Paper readthrough: Towards Neural Decompilation
Attention Conservation Notice My notes on a paper that builds on previous efforts to apply neural machine translation (NMT) to decompiling binaries back into human-readable source code.
They focus on compiler-specific translation pairs, which allows them to use the compiler they target to a) act as an oracle, b) generate more source-translation pairs as needed, and c) generate error-specific training samples when their decompiler makes a mistake.
Towards Neural Decompilation – Katz, et al.
I usually have a policy of not reading papers with titles in the form of “Towards [X]”, but this one came well-recommended and dovetails nicely with a lot of my interests as far as applying ML to source code and binaries. As the title suggests, it demonstrates a few clever techniques that move us further down the road to being able to train a general decompiler for arbitrary high-level/low-level language pairs.

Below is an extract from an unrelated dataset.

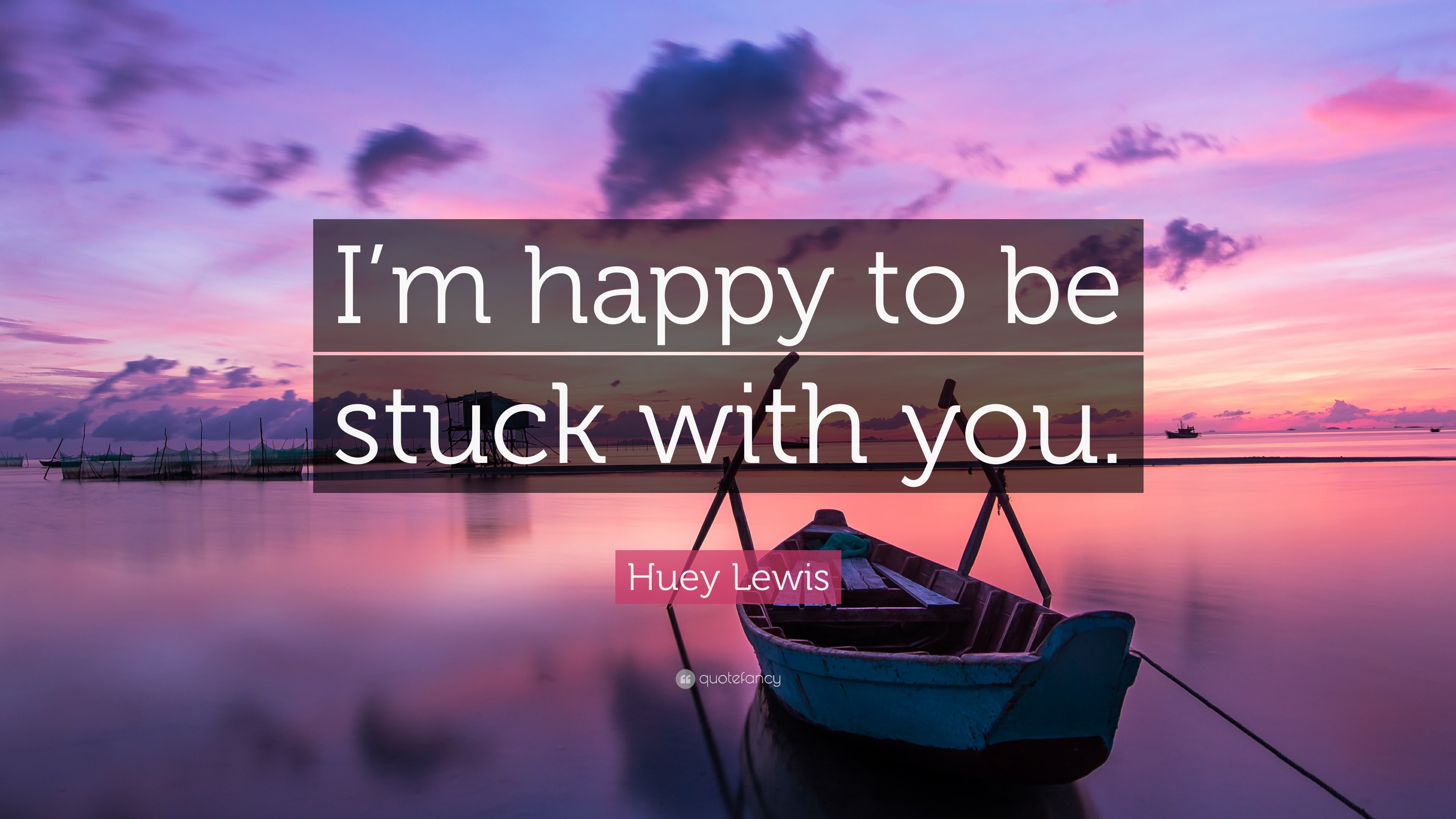 Huey Lewis Quote: “I'm happy to be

Why would you want to do this thing?
Reverse-engineering a bit of code to figure out what it does and how it does it is a pretty common task within the security arena. It’s also difficult and time-consuming. Getting a good decompiled source code representation of a sample, rather than trying to parse out some low-level language, can help speed this process up a lot. Unfortunately, decompiling it is Hard Thing To Do[tm], and usually relies on a lot of hand-written heuristics that can be fragile. This paper aims to show that it’s possible to apply ML to the problem, and automate away a lot of the bespoke crafting of rules that is currently required for most low-level to high-level language pairs. Source code is much more structured than natural language is, as well as having a much smaller vocabulary, and easier-to-handle ambiguities, so it doesn’t seem like much of a stretch that this should be tractable at least for a wide range of high-to-low-level languages.

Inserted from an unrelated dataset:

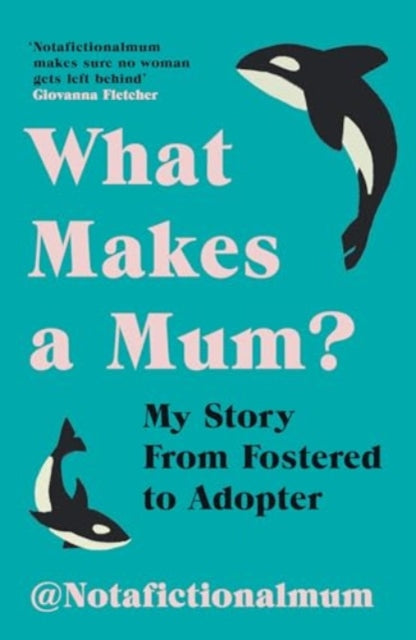 What Makes a Mum? : My Story From Fostered to Adopter-9781800183049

It’s probably worth pausing to note that “successful” decompilation, in this case, doesn’t mean “reconstruct the code as the original author wrote it”. Compilers can apply a wide range of transformations and optimizations to source code, which often make the original structure of the code unrecoverable. In this case, by “successful” decompilation, we mean that a) the recovered source code compiles, and b) the result of that compilation is functionally equivalent to the original low-level sample. But for security related tasks, that’s very often all you need; you don’t need to know how the programmer thought, you just want to know what the malware sample is actually doing to your computer.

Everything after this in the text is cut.